Private contractors fixing Baltimore's water mains, repaving roads and rehabbing buildings routinely go over budget — at a cost to taxpayers of more than $105 million over the past four years, a Baltimore Sun review has found.
Construction jobs done for Baltimore's government ran over budget 375 times since 2012 — sometimes ballooning to two, three or even four times their original cost.
"This is ridiculous," said City Comptroller Joan M. Pratt, who sits on the Board of Estimates and has questioned the frequency of cost overruns in Baltimore. "These are some huge numbers. I don't believe we should have this many extra work orders."
Critics, including Pratt and City Council President Bernard C. "Jack" Young, say they are concerned that contractors are bidding low to win work before running up the bill on the true costs of the project.
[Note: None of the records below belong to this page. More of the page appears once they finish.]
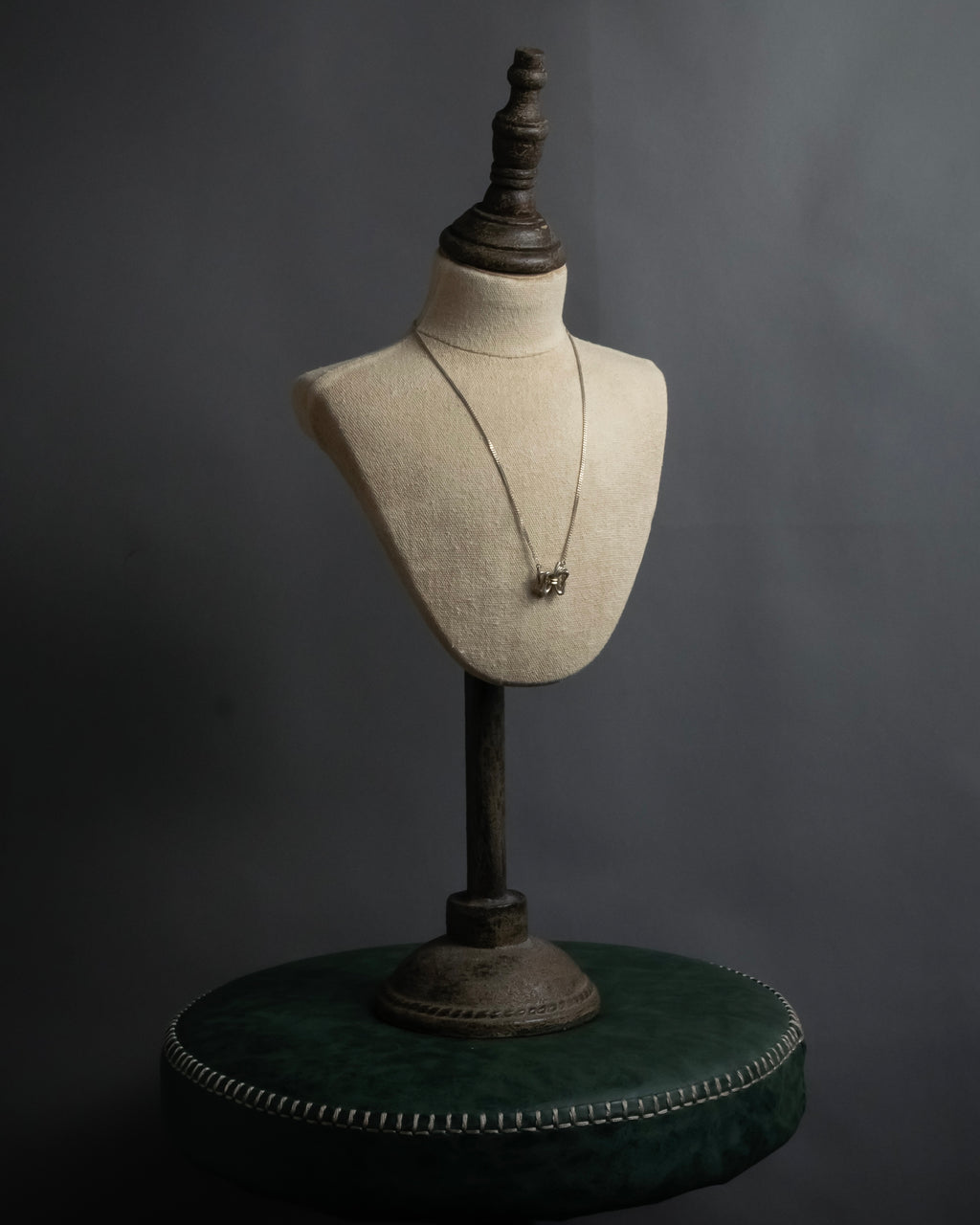 "Tiffany & Co." Silver 925 ribbon motif necklace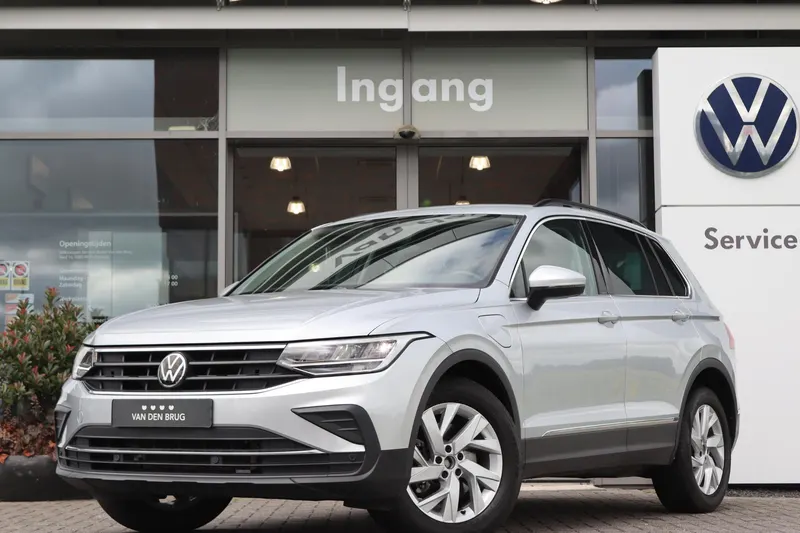 Volkswagen Tiguan (2022)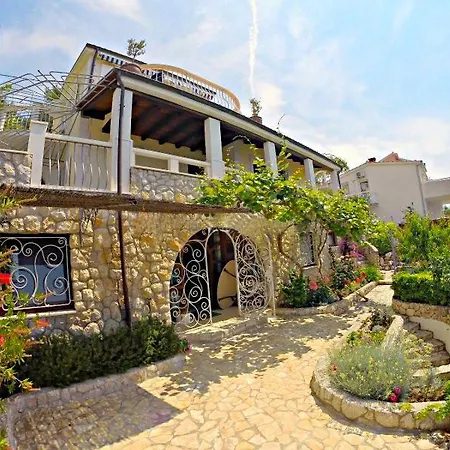 Apartamento Mihael *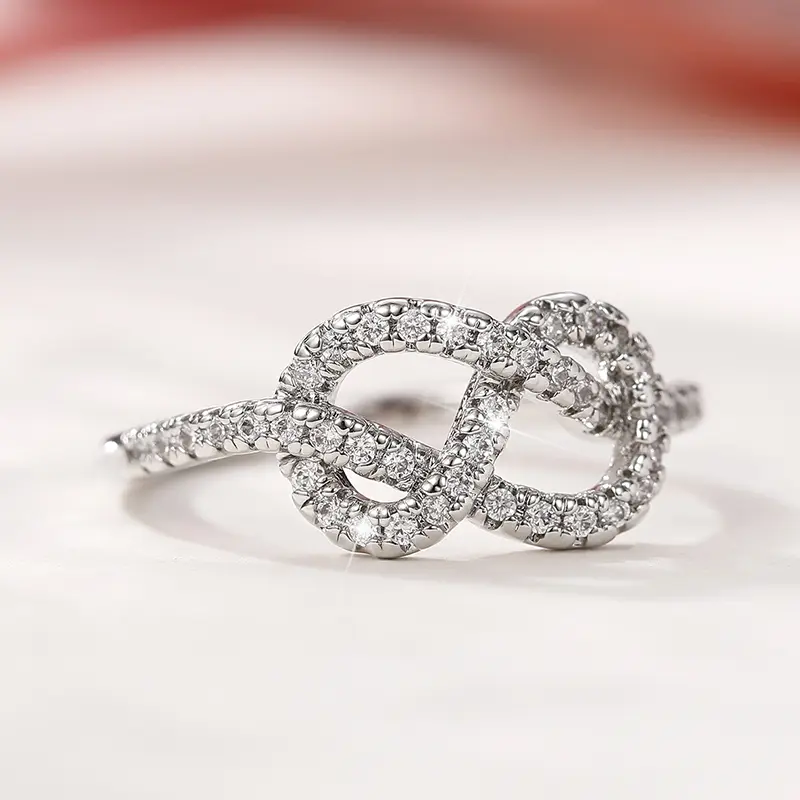 Huitan Fancy Twist Band Women's Rings Temperament Finger Accessories Engagement Wedding Bridal Rings for Party Fashion Jewelry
But city officials in Mayor Stephanie Rawlings-Blake's administration say the extra work orders are simply a cost of doing infrastructure work in an aging city where complications such as pipe breaks and sinkholes frequently occur in the middle of a job.
"We never know what we're going to run into when we start digging," said Adrienne Barnes, spokeswoman for the city's Transportation Department. "We make sure we keep an eye on a contractor's activities, but it's a very old city."
Cost overruns on government contracts are not unique to Baltimore. Boston's so-called "Big Dig" tunnel famously ran more than $12 billion over budget.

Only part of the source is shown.